To find the velocity of the diver at that time t = 2, we can calculate the derivative of s(t) with respect to t. The derivative of s(t) is the velocity function v(t).
v(t) = s'(t) = -32t + 16
Substituting t = 2 into this equation gives us:
v(2) = -32(2) + 16
v(2) = -64 + 16
v(2) = -48
Therefore, the velocity of the diver when he hits the water is -48 feet per second.
To find out when the diver hits the water and what his velocity is, we need to solve the equation s(t) = -16t^2 + 16t + 32 for t.
To do this, set s(t) equal to zero since the water level is at height zero.
0 = -16t^2 + 16t + 32
Now we have a quadratic equation. We can solve it by factoring, completing the square, or using the quadratic formula. Let's use the quadratic formula:
t = (-b ± √(b^2 - 4ac)) / (2a)
In this equation, a = -16, b = 16, and c = 32. Plug in these values:
t = (-16 ± √(16^2 - 4(-16)(32))) / (2(-16))
Simplifying further:
t = (-16 ± √(256 + 2048)) / (-32)
t = (-16 ± √2304) / (-32)
t = (-16 ± 48) / (-32)
Now we get two solutions:
t1 = (-16 + 48) / (-32)
t2 = (-16 - 48) / (-32)
Calculating further:
t1 = 32 / -32
t1 = -1
t2 = -64 / -32
t2 = 2
Therefore, the diver hits the water at t = -1 (one second before jumping) and t = 2 (two seconds after jumping).
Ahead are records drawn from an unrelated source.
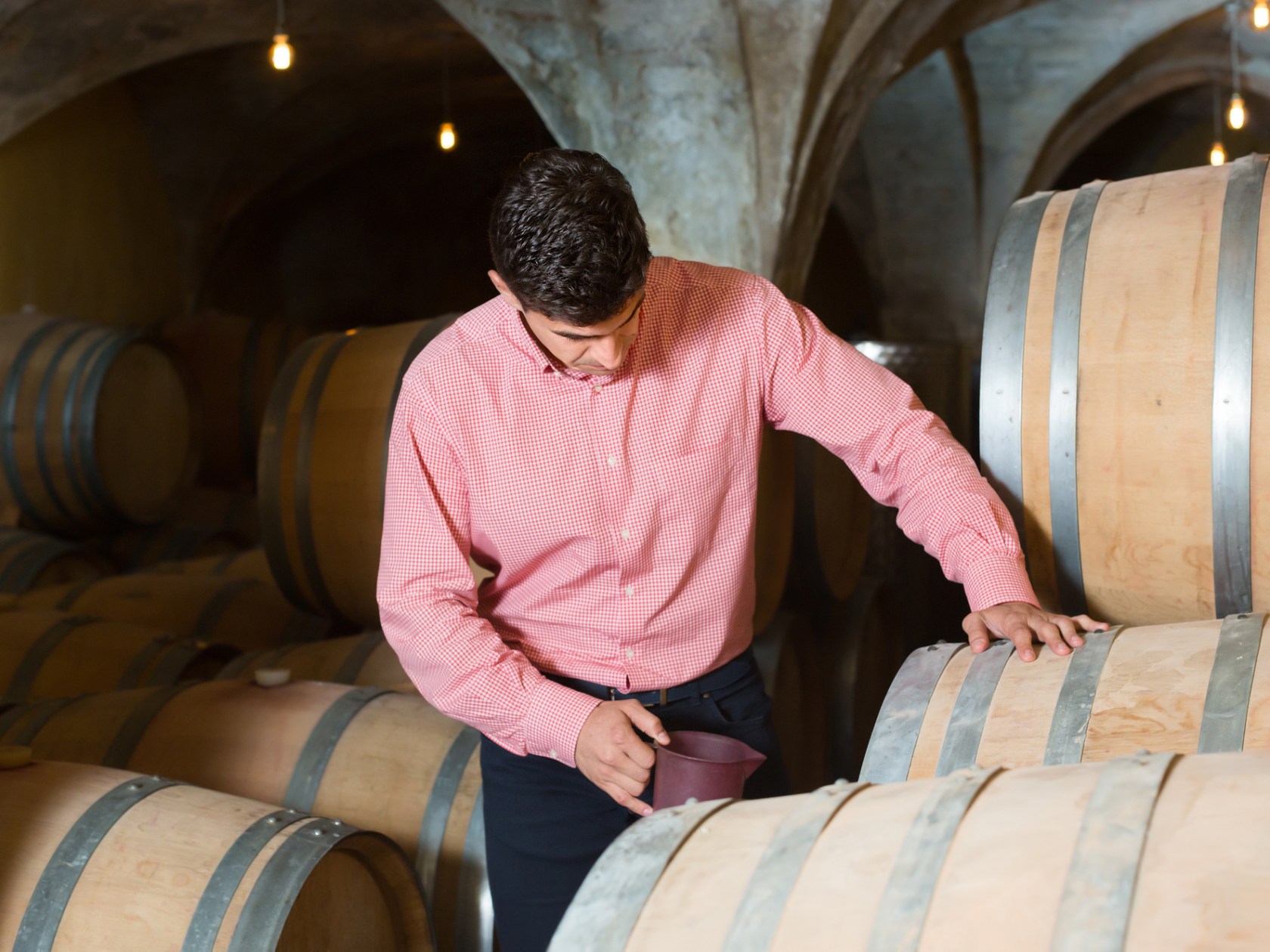 a man sitting in front of a barrel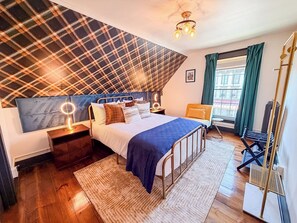 A bedroom with a bed, bedside tables, a hanging chair, a window with curtains, and a ceiling light fixture. - Downtown - Hot Tub, Speakeasy, Grill, Game Room, Fireplace (Ludlow)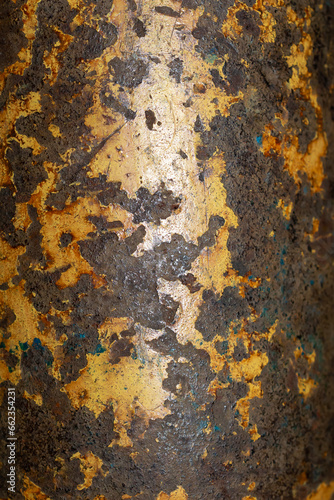 old rusty sheet metal painted with yellow paint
To find the velocity at these times, we can take the derivative of the position function, s(t), with respect to time, t:
v(t) = s'(t)
v(t) = -32t + 16
Now we can substitute t = -1 and t = 2 into the velocity function to find the diver's velocities at those times:
v(-1) = -32(-1) + 16
v(-1) = 32 + 16
v(-1) = 48 ft/s
v(2) = -32(2) + 16
v(2) = -64 + 16
v(2) = -48 ft/s
Therefore, the diver's velocity at t = -1 is 48 ft/s and at t = 2 is -48 ft/s. The negative velocity at t = 2 indicates that the diver is moving downward at that time.